Representing Great Britain

Paralympic Games

World Championships

= Tom Aggar =

British rower

Tom Aggar (born 24 May 1984) is a British rower who competed at the 2008 Summer Paralympics.

Aggar went to the University of Warwick where he was a member of the rugby union 1st XV as well as the Saracens F.C. development squad. In 2005, whilst out with a group of friends, he slipped and fell eight feet on to a concrete path. Thinking that he had headed home alone, his friends left. When he regained consciousness two hours later, Aggar phoned for an ambulance. In his fall, he had broken his back and suffered a spinal injury, resulting in paralysis of his legs.

==Rowing==
Aggar took up rowing as part of the rehabilitation from his injury. He competed at the 2006 National Indoor Championships using a Functional electrical stimulation (FES) rowing machine, where electrical currents are used to activate nerves in parts of the body affected by paralysis. In 2007, at the World Rowing Championships in Munich, Aggar won the gold medal in the 1000 m men's single scull in 5 minutes 13.13 seconds. He beat two-time world champion Dominic Monypenny, of Australia by two seconds and set a new world record in the process.

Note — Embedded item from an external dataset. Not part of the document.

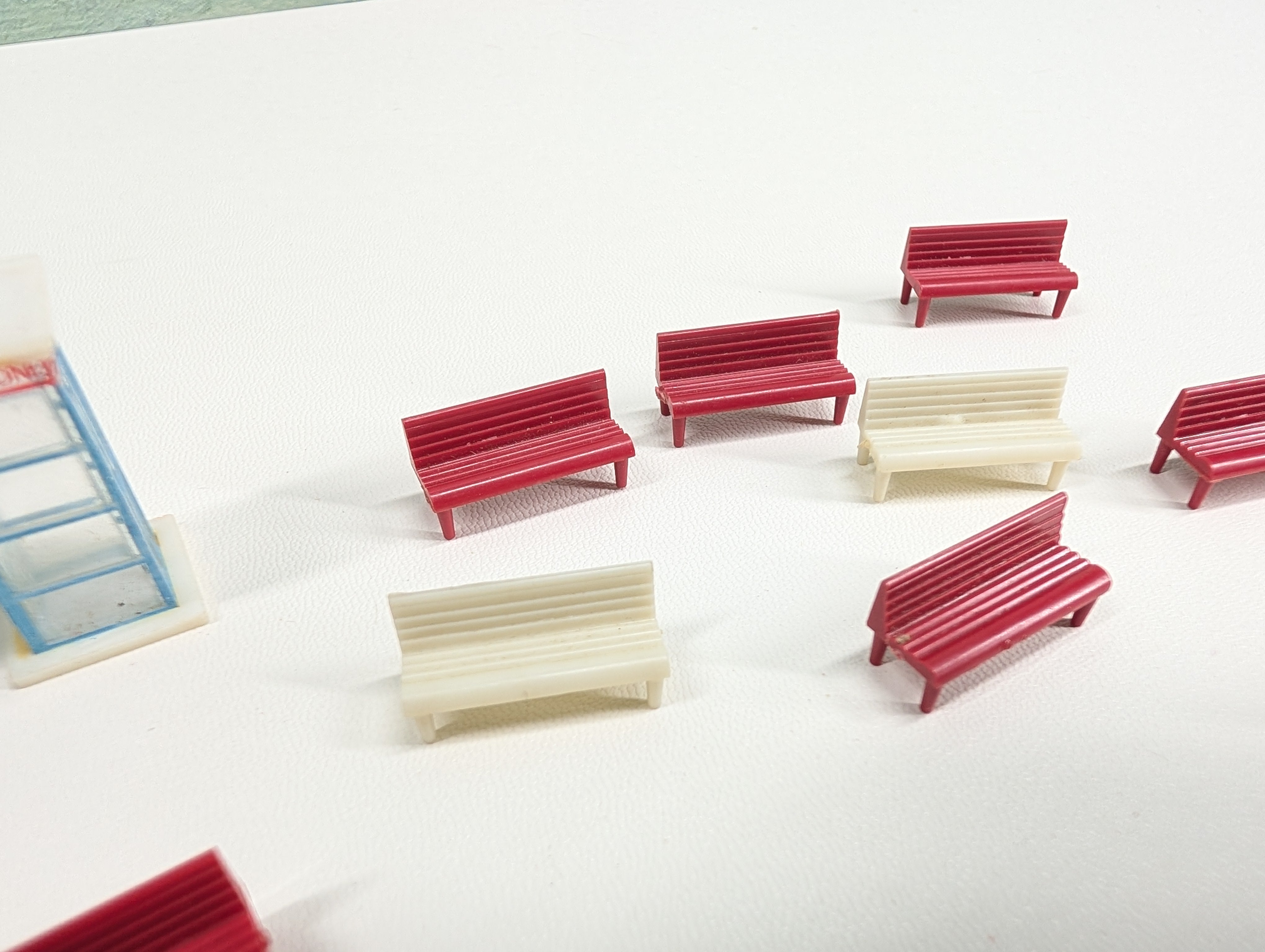 USED HO Scale Large Lot of Park Benches, Telephone Booths, Soda Machines & More Detail Parts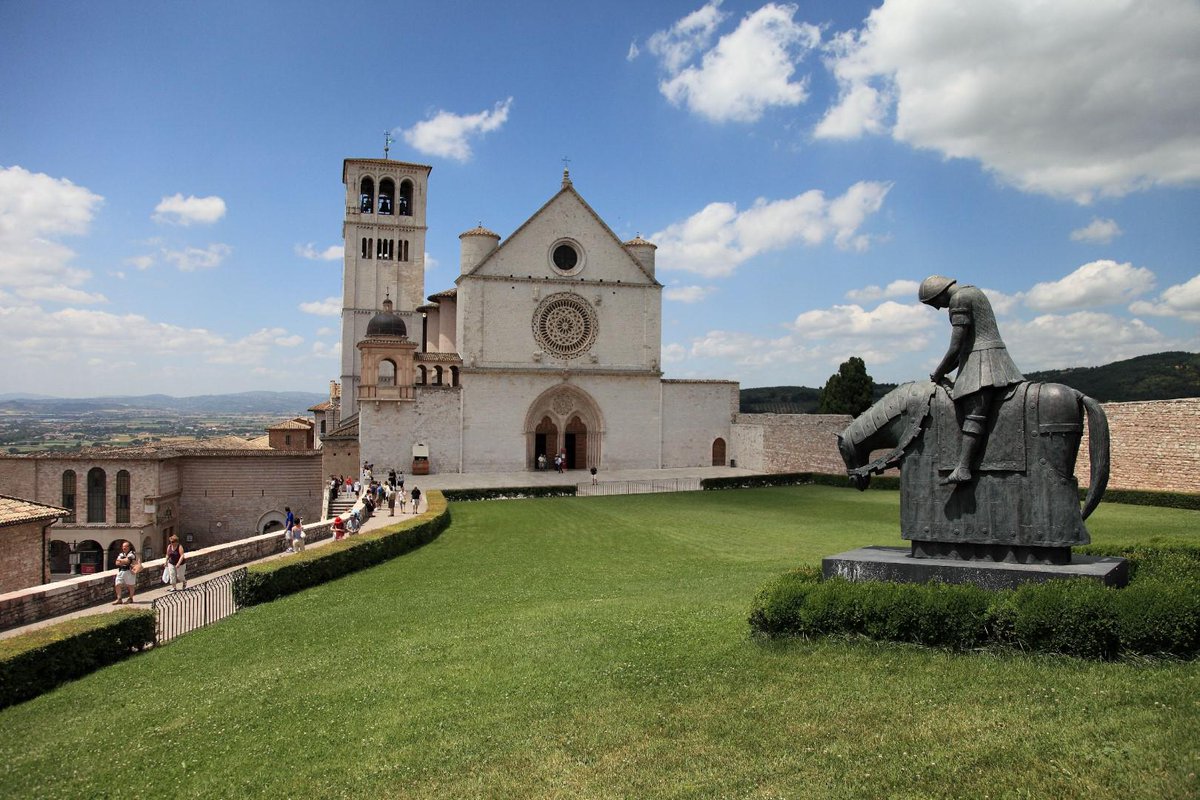 MediasetTgcom24's tweet photo. #Viaggi: ad #Assisi, sulle tracce del Bello assoluto.
>>http://t.co/SyvThu31we<< http://t.co/NTpsqj8cnc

At the 2008 Paralympic Games in Beijing, China, rowing made its debut appearance at the Games. Aggar won the men's single sculls gold medal in a time of 5 minutes 22.09 seconds. After the Games Aggar was one of the British Paralympic gold medal-winning athletes who were overlooked in the New Year's honours. All of Britain's gold medal winners at the 2008 Summer Olympics were honoured in some way.

In 2009, he defended his World Championship title, winning by 16 seconds ahead of Ukraine's Andrii Kryvchun, in a new world record time of 4 minutes 51.48 seconds. He extended his unbeaten run, winning his fourth successive title in international events, at the 2010 World Championships held at Lake Karapiro, near Cambridge, New Zealand.

==Personal life==
Aggar and his wife Vicki, a former paralympic rower, have two sons and a daughter.